The best class instructors earn the best salaries the market offers, bringing enhanced value to their fitness organisations, but pay is only one factor when it comes to attracting and retaining the best staff.
This was the consensus reached in HCM's recent Talking Point article on instructor pay
Four industry experts responded to a central question: with participation in group exercise growing fast and the role of the instructor never more important, have rates of pay increased at a fair pace?
Mark Talley, group fitness manager at Everyone Active, said: "Our instructor pay reflects markets rates and demand for certain skills, while also ensuring consumer costs remain affordable.
"Operating our community-focused services with a commercial head ensures we're able to offer wages that compete with private providers, while successfully navigating the changing landscape of local authority leisure provision, which is increasingly characterised by tighter budgets and growing demand."
Talley, along with Andy Tee of V1be and Colin Waggett of Third Space, points out that pay is part of a package, with facilities, training, opportunities for progression and the ethos of a brand also being important considerations for instructors in deciding where to work.
The added value of good instructors was stressed by Jean-ann Marnoch, instructor experience director at Les Mills UK, who said: "Good instructors are able to create a community in their class, connecting members with each other and themselves, which in turn leads to retention.
"You can't build this type of community around a treadmill.

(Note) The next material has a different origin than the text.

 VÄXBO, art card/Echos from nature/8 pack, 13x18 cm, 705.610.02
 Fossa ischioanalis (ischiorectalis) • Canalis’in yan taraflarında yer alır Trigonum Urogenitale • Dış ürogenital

Boutiques have recognised this, but many other operators have not."
Tee said that if wages were pushed higher, many studios might struggle to pay, which could lead to an increase in virtual classes., but that “On the flip side, it might lead to more people entering the industry as class instructors, as opposed to the recent surge we've seen in people qualifying as PTs."
Waggett said the comparatively recent development of instructors earning higher rates of pay is leading to more of them viewing what they do as a career, rather than a hobby or a part-time job to complement their day job.